I choose healing, growth, and self-compassion every day.

I release all negative beliefs about myself and embrace my inner power.

I am deserving of joy, success, and all the good things life has to offer.

My healing journey is unique, and I trust the timing of my process.

I honor my feelings, but they do not control me.

I forgive myself for past mistakes and give myself permission to heal.

I trust that everything in my life is unfolding for my highest good.

I am enough, just as I am, and I embrace the beauty of my journey.

I am worthy of healing, and I welcome it with open arms.

I release all fear and embrace the light of my true self.

I trust the journey of my life, even when I cannot see the whole path.

I am grateful for the lessons that my experiences have taught me.

I am worthy of peace, calm, and inner balance in all areas of my life.
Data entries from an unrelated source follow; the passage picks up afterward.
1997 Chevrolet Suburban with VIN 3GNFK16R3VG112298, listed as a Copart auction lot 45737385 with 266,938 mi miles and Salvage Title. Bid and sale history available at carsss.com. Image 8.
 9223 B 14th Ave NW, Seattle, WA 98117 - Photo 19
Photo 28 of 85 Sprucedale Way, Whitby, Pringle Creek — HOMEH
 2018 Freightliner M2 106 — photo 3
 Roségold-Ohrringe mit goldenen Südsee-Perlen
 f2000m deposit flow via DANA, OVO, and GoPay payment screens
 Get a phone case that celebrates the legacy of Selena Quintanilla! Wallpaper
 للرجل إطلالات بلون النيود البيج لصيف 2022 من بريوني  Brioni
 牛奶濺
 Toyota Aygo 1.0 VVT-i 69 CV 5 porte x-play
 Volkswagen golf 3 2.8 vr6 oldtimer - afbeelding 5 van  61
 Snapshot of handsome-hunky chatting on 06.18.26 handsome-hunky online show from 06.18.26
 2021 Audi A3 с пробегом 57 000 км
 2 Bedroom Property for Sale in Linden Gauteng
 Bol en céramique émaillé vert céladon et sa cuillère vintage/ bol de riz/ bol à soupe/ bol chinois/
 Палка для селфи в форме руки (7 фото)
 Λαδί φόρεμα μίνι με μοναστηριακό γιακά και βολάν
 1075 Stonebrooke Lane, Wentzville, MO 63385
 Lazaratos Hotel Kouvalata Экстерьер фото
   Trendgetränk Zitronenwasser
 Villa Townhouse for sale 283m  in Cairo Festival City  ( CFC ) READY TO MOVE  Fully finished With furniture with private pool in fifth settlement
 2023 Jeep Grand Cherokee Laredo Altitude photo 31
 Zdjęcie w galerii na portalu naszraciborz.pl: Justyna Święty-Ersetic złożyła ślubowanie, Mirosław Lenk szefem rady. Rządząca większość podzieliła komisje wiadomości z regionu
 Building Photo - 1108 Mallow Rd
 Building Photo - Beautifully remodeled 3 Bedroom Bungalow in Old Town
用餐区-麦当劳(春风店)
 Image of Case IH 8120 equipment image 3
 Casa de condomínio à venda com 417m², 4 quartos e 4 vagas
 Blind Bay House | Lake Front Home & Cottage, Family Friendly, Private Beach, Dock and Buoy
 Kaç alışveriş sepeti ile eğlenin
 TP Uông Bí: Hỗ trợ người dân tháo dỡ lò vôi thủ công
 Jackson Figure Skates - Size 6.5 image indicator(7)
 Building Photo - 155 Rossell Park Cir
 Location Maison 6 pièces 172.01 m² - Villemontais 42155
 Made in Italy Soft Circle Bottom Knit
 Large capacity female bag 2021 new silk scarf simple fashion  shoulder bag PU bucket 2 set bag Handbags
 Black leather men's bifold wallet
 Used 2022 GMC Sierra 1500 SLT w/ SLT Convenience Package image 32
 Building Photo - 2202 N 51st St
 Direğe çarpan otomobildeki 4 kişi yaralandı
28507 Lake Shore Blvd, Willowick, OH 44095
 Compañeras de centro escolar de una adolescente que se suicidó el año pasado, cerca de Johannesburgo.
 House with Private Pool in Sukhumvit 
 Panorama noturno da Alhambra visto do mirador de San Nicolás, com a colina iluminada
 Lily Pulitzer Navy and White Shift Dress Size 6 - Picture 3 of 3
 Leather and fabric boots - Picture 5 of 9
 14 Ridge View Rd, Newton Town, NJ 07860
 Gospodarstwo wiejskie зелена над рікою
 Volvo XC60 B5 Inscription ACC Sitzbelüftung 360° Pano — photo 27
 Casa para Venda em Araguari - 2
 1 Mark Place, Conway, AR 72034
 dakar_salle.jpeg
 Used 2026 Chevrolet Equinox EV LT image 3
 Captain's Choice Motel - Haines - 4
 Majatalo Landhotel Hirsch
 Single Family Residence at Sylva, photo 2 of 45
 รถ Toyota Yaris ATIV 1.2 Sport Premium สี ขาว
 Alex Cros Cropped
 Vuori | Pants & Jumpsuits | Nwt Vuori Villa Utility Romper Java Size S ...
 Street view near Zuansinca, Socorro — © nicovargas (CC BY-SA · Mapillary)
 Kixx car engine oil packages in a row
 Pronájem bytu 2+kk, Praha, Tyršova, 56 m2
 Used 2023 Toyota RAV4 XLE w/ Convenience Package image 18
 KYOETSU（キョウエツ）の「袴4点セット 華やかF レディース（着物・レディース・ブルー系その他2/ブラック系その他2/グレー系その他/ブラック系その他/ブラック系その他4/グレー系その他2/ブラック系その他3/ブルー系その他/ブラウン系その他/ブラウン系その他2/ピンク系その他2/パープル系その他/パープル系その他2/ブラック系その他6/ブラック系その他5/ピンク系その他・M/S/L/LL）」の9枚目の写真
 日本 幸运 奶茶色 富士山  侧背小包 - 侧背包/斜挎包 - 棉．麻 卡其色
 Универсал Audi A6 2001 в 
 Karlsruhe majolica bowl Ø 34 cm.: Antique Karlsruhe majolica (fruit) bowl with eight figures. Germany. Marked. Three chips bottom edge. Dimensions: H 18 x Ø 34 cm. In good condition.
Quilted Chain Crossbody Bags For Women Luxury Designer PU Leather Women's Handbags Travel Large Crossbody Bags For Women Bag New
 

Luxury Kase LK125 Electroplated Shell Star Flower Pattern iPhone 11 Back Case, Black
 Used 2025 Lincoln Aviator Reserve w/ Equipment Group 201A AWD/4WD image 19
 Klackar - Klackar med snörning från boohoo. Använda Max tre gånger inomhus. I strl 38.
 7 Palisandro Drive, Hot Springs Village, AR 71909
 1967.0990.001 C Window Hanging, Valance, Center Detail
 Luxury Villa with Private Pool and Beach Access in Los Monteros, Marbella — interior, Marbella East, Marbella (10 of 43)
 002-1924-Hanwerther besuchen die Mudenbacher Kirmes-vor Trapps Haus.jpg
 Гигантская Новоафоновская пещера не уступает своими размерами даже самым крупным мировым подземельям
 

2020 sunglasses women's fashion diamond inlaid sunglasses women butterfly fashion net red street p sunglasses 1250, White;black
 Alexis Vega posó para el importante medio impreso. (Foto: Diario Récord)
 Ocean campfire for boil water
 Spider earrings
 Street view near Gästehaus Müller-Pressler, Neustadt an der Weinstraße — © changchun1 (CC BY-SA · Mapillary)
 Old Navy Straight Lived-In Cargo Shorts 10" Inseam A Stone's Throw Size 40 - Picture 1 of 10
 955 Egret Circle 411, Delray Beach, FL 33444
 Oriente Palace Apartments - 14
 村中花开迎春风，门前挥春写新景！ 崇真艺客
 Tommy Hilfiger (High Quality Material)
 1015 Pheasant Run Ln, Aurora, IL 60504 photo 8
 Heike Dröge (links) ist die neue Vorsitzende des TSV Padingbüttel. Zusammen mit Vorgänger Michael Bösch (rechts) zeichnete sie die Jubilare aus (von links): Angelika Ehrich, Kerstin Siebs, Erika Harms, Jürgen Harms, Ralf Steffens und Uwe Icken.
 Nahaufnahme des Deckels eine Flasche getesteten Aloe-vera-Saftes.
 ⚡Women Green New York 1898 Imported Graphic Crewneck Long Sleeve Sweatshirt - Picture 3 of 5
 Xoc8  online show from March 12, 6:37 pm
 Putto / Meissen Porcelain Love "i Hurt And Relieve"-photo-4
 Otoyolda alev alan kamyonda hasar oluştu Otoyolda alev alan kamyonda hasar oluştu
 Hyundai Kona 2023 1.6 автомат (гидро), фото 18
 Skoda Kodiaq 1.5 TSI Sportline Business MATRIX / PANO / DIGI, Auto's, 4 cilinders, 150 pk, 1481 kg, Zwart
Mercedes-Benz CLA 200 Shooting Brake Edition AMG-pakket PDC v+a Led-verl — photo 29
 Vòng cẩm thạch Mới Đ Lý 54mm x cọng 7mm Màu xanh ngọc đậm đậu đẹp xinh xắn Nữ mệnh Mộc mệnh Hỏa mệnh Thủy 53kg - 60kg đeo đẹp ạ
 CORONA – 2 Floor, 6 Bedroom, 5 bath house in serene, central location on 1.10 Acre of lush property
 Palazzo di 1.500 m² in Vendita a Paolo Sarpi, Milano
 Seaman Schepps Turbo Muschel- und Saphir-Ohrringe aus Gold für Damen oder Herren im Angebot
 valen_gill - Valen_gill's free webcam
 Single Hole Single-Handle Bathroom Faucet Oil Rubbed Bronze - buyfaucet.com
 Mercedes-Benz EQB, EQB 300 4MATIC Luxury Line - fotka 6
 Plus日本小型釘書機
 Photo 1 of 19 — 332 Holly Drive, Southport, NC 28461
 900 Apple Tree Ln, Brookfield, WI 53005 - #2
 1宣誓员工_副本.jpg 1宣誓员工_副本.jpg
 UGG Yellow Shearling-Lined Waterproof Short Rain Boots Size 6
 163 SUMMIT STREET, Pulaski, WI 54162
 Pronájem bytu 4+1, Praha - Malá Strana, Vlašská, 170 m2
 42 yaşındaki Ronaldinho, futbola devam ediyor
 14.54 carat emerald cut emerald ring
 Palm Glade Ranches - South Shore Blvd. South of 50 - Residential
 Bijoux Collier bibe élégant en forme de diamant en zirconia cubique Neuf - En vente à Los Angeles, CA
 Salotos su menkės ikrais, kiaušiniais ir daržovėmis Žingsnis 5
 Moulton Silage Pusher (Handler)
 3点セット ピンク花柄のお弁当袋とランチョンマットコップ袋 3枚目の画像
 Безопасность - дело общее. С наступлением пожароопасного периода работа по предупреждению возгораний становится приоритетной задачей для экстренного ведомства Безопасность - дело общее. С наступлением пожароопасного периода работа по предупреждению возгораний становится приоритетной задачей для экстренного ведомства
I am open to receiving love, support, and guidance from the universe.

I love you.

Say these whenever you need to, when you start to doubt yourself, or when your journey starts to feel hard. Say them with me, and together we’ll give them the extra power to help you along your way.

I want to leave you with this: healing is possible. It’s not a straight road, but it is most definitely a journey worth taking. You can move beyond your traumas, and even if you don’t know what exactly your path looks like, know that you can find your way. 

If you’re feeling stuck or overwhelmed, I encourage you to take one small step today towards healing - whether that’s reaching out for support, trying a new healing tool, repeating these affirmations, or just giving yourself some compassion. Any little bit is a positive step forward. No matter how small.

So, My Loves, thank you so very much for listening today, I hope you are feeling better about your healing path & that I have given you some hope that healing is possible. And if no one has told you today, I love you. I love you for who you are in this very moment. Please do not forget that!

Here are my parting words for you:

Have Faith. Give Grace. You are Worthy. And…. I Love You.